Saat penandatangan kuitansi jual beli, Fexa mengakui dirinya menandatangani kuitansi meski uang belum diserahkan, karena alasan dari pembeli untuk bukti pencairan uang oleh perusahaan di Jakarta.
Betapa kagetnya Fexa ketika di tahun 2016, dirinya tiba-tiba digugat oleh GT ke Pengadilan Negeri (PN) Pontianak dengan objek perkara wanprestasi.
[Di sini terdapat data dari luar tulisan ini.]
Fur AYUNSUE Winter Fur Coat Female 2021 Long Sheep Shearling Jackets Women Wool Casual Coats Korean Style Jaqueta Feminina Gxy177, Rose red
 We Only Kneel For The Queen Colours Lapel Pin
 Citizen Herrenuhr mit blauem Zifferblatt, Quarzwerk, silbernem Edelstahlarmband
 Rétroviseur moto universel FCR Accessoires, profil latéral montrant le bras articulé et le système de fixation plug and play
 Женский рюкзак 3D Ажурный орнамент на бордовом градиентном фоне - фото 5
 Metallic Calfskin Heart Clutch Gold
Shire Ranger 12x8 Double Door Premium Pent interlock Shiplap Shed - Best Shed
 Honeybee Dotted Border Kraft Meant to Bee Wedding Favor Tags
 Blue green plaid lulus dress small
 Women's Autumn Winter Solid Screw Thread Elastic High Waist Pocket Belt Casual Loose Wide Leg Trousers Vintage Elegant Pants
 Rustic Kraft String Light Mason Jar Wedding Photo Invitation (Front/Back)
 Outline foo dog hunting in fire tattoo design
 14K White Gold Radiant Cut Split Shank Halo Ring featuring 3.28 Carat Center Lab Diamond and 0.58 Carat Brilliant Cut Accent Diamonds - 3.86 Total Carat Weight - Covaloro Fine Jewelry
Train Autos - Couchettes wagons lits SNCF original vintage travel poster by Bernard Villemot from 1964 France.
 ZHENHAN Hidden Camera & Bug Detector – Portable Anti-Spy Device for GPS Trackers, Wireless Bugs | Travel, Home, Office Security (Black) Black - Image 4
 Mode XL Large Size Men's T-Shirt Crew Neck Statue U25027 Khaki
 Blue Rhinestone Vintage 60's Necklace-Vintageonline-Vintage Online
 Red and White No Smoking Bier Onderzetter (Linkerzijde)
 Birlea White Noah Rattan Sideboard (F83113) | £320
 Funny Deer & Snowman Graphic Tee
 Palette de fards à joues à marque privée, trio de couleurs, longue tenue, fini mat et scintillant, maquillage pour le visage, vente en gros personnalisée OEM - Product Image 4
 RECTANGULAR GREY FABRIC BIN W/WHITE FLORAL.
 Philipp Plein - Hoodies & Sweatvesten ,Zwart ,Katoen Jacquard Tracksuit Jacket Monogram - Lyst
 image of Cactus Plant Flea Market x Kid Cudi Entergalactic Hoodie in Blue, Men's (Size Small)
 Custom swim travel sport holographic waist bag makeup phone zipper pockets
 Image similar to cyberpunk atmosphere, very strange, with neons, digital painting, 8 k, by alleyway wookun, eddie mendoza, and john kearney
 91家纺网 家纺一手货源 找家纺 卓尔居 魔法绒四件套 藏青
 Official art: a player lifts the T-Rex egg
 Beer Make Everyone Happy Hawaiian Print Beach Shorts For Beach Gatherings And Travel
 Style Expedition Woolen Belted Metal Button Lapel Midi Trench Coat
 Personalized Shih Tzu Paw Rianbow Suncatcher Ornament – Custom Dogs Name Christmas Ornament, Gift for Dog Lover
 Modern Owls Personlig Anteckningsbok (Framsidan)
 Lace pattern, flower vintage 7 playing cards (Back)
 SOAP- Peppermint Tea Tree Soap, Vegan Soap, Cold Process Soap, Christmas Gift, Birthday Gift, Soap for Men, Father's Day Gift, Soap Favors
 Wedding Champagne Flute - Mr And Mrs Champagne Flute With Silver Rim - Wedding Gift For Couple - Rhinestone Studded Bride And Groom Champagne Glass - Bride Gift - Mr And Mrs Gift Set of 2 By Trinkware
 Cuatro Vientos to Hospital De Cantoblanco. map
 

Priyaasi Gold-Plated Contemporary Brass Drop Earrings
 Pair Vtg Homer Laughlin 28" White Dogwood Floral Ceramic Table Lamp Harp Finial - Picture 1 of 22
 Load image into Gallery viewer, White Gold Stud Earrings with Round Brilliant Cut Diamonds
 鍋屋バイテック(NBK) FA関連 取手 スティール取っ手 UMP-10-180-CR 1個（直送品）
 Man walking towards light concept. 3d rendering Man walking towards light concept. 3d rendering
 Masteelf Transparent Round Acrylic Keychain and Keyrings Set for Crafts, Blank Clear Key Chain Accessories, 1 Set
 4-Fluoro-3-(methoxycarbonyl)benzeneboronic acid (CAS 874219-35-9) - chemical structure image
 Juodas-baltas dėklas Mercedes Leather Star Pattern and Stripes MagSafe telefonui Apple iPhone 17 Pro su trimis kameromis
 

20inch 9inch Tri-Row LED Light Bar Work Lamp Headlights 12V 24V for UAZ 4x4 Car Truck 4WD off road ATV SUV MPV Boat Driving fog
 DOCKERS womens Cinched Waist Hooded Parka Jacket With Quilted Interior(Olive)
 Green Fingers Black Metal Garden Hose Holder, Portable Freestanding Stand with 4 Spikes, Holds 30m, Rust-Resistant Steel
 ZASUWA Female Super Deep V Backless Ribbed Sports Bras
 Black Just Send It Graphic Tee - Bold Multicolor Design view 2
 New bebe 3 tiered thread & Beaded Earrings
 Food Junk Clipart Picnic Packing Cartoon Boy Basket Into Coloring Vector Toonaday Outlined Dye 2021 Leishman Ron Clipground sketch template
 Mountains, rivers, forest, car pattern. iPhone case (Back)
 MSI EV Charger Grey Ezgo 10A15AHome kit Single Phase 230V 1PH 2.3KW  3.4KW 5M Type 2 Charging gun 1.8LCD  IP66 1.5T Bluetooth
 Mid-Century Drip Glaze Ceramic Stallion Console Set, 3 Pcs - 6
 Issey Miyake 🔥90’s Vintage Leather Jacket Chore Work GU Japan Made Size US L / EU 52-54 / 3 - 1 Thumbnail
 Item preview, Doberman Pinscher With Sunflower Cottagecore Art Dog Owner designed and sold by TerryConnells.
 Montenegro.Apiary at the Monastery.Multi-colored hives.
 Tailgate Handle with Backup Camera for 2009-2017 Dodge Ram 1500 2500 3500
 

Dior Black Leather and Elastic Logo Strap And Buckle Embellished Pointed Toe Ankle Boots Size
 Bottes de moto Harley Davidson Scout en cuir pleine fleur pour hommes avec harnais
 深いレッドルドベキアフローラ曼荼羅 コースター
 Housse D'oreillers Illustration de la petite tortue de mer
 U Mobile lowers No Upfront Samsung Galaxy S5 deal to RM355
Di mana dalam putusannya majelis hakim mengabulkan permohonan penggugat meski dalam fakta persidangan saksi-saksi dari notaris dan perwakilan bank menerangkan bahwa uang muka pembayaran jual beli itu tidak pernah dibayarkan.
Atas putusan tersebut dirinya mengajukan banding ke Pengadilan Tinggi Pontianak yang memutus membatalkan putusan PN Pontianak.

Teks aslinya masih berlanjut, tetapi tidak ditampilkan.